The first filter is believed to be the coffee sock, which contains the coffee grounds as water is poured over it. Cloth was the initial material used for the sock filter, which would be replaced by paper filters approximately 200 years later.

The first coffee maker was commercially sold by Mr. Biggin, hence the name it has taken today. This pioneer was responsible for creating the first coffee maker which promoted more sophisticated coffee filtering methods.

Biggin pots have several compartments to brew the coffee, including a tin filter sitting under the lid itself. The 18th century version of the original Biggin pot introduced metal filters. Later, the French would follow a similar brewing technique known as the drip method that we know so well today.

Hamburg and the coffee connection

Burgs Kaffee www.kaffeeroesterei-burg.de

Hamburg is a prime example of how coffee infiltrated European cities that became the heart of the coffee trade. It joins the list of cities such as Vienna, Seattle and Melbourne as a destination for coffee connoisseurs. Its first coffee house opened in 1677 and spread across the rest of Germany during the 18th century along with other countries in Europe. The coffee trade made the port city of Hamburg wealthier, and has since been a coffee epicentre.

The city features an all-in-one coffee shop, museum and memorabilia called “The Burg Coffee Museum”. Founded in 1923, it is based on Hamburg’s historical coffee values and has become an institution for coffee history. Located in the historic Speicherstadt district, it offers slow roasted coffee options such as single origin and single estate coffee, homemade cold brew and espresso specialities.

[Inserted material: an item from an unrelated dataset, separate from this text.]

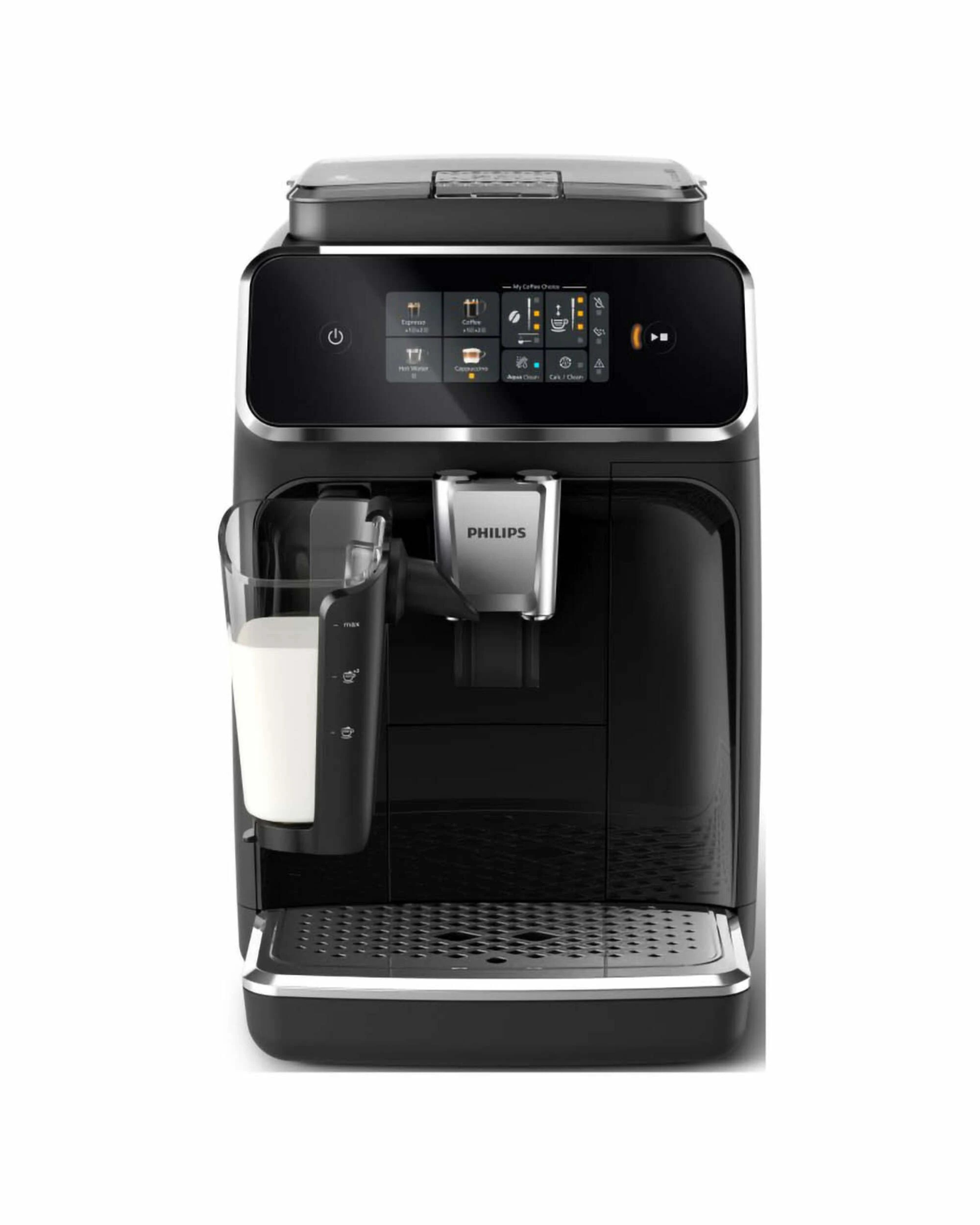 1 Philips 2300 Series Lattego Fully Auto Espresso Machine - BLACK, 1 of 5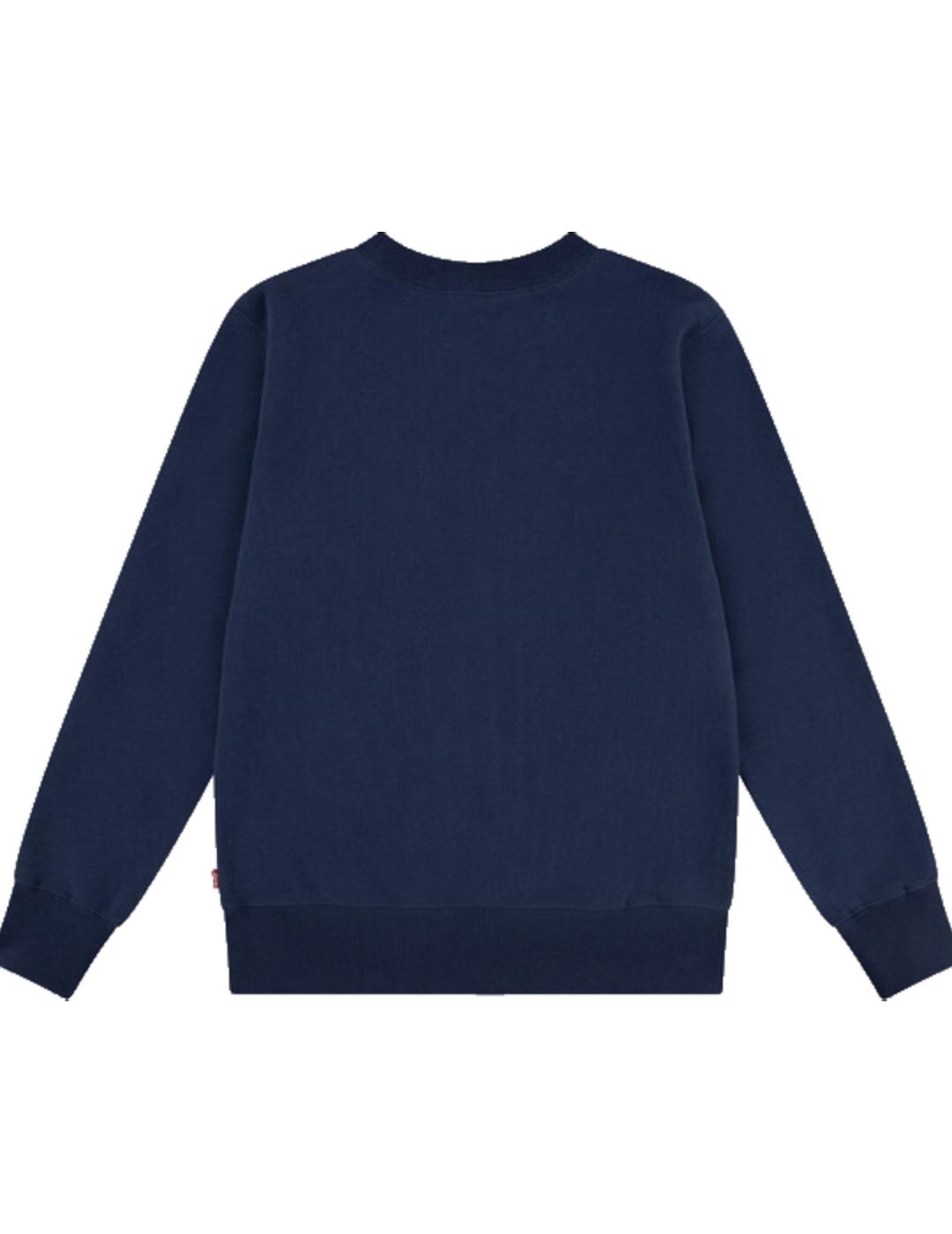 Sudadera Monogram Crew Blue Levi´s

“The Burg family had been a traditional coffee roaster for over 90 years, selling coffees in the shop as well as sending coffee to the customers by mail. We are still using the old coffee roaster from 1947”, says Dahms.

Coffee is still an important part of most cultures as it has become an essential social tool in most societies around the world.  Taking a moment  to think about the coffee pioneers can help us appreciate just how important preserving historic coffee culture really is.